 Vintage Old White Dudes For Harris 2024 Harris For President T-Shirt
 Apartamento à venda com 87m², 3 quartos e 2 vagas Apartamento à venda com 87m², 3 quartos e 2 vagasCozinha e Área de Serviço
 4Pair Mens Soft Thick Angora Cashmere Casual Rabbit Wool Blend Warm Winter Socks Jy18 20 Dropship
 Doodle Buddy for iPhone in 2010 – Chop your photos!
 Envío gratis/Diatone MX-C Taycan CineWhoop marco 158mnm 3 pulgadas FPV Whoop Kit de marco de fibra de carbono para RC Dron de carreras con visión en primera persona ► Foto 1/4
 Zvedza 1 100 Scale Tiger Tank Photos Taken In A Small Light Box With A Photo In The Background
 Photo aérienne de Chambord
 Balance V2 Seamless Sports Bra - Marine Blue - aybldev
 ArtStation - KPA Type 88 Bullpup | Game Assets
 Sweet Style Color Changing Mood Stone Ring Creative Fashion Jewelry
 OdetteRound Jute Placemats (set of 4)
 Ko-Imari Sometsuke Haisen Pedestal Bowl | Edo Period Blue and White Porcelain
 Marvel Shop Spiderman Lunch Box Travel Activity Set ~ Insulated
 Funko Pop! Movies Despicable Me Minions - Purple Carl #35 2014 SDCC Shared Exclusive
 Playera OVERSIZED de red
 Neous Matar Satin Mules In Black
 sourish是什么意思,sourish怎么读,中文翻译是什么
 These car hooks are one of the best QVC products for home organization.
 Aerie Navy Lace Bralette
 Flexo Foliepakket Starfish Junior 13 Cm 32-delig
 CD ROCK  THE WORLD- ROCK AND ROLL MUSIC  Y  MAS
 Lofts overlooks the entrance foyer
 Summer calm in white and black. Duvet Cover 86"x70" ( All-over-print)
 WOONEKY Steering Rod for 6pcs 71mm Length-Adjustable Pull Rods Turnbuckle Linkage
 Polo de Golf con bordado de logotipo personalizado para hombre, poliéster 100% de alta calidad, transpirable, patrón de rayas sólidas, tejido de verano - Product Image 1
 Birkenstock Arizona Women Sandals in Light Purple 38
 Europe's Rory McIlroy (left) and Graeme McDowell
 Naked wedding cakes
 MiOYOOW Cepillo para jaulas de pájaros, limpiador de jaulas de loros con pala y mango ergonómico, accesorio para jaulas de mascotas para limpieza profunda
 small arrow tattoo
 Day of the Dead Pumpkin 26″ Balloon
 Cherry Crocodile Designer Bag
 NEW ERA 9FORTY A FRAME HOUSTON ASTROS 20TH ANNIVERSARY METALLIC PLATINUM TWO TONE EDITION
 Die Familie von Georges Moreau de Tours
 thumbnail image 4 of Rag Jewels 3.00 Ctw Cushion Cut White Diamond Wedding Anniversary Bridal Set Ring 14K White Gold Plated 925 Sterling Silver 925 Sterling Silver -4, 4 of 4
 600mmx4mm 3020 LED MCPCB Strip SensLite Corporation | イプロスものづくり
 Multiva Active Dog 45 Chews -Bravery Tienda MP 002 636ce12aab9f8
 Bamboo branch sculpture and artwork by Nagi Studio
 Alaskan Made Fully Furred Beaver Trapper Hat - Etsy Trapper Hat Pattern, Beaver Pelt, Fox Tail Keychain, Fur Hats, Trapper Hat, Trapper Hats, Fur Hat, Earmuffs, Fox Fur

## WORK ORDER
Extract every entry above as it appears.

## SOLUTION TO THIS TASK
 Vintage Old White Dudes For Harris 2024 Harris For President T-Shirt
 Apartamento à venda com 87m², 3 quartos e 2 vagas Apartamento à venda com 87m², 3 quartos e 2 vagasCozinha e Área de Serviço
 4Pair Mens Soft Thick Angora Cashmere Casual Rabbit Wool Blend Warm Winter Socks Jy18 20 Dropship
 Doodle Buddy for iPhone in 2010 – Chop your photos!
 Envío gratis/Diatone MX-C Taycan CineWhoop marco 158mnm 3 pulgadas FPV Whoop Kit de marco de fibra de carbono para RC Dron de carreras con visión en primera persona ► Foto 1/4
 Zvedza 1 100 Scale Tiger Tank Photos Taken In A Small Light Box With A Photo In The Background
 Photo aérienne de Chambord
 Balance V2 Seamless Sports Bra - Marine Blue - aybldev
 ArtStation - KPA Type 88 Bullpup | Game Assets
 Sweet Style Color Changing Mood Stone Ring Creative Fashion Jewelry
 OdetteRound Jute Placemats (set of 4)
 Ko-Imari Sometsuke Haisen Pedestal Bowl | Edo Period Blue and White Porcelain
 Marvel Shop Spiderman Lunch Box Travel Activity Set ~ Insulated
 Funko Pop! Movies Despicable Me Minions - Purple Carl #35 2014 SDCC Shared Exclusive
 Playera OVERSIZED de red
 Neous Matar Satin Mules In Black
 sourish是什么意思,sourish怎么读,中文翻译是什么
 These car hooks are one of the best QVC products for home organization.
 Aerie Navy Lace Bralette
 Flexo Foliepakket Starfish Junior 13 Cm 32-delig
 CD ROCK  THE WORLD- ROCK AND ROLL MUSIC  Y  MAS
 Lofts overlooks the entrance foyer
 Summer calm in white and black. Duvet Cover 86"x70" ( All-over-print)
 WOONEKY Steering Rod for 6pcs 71mm Length-Adjustable Pull Rods Turnbuckle Linkage
 Polo de Golf con bordado de logotipo personalizado para hombre, poliéster 100% de alta calidad, transpirable, patrón de rayas sólidas, tejido de verano - Product Image 1
 Birkenstock Arizona Women Sandals in Light Purple 38
 Europe's Rory McIlroy (left) and Graeme McDowell
 Naked wedding cakes
 MiOYOOW Cepillo para jaulas de pájaros, limpiador de jaulas de loros con pala y mango ergonómico, accesorio para jaulas de mascotas para limpieza profunda
 small arrow tattoo
 Day of the Dead Pumpkin 26″ Balloon
 Cherry Crocodile Designer Bag
 NEW ERA 9FORTY A FRAME HOUSTON ASTROS 20TH ANNIVERSARY METALLIC PLATINUM TWO TONE EDITION
 Die Familie von Georges Moreau de Tours
 thumbnail image 4 of Rag Jewels 3.00 Ctw Cushion Cut White Diamond Wedding Anniversary Bridal Set Ring 14K White Gold Plated 925 Sterling Silver 925 Sterling Silver -4, 4 of 4
 600mmx4mm 3020 LED MCPCB Strip SensLite Corporation | イプロスものづくり
 Multiva Active Dog 45 Chews -Bravery Tienda MP 002 636ce12aab9f8
 Bamboo branch sculpture and artwork by Nagi Studio
 Alaskan Made Fully Furred Beaver Trapper Hat - Etsy Trapper Hat Pattern, Beaver Pelt, Fox Tail Keychain, Fur Hats, Trapper Hat, Trapper Hats, Fur Hat, Earmuffs, Fox Fur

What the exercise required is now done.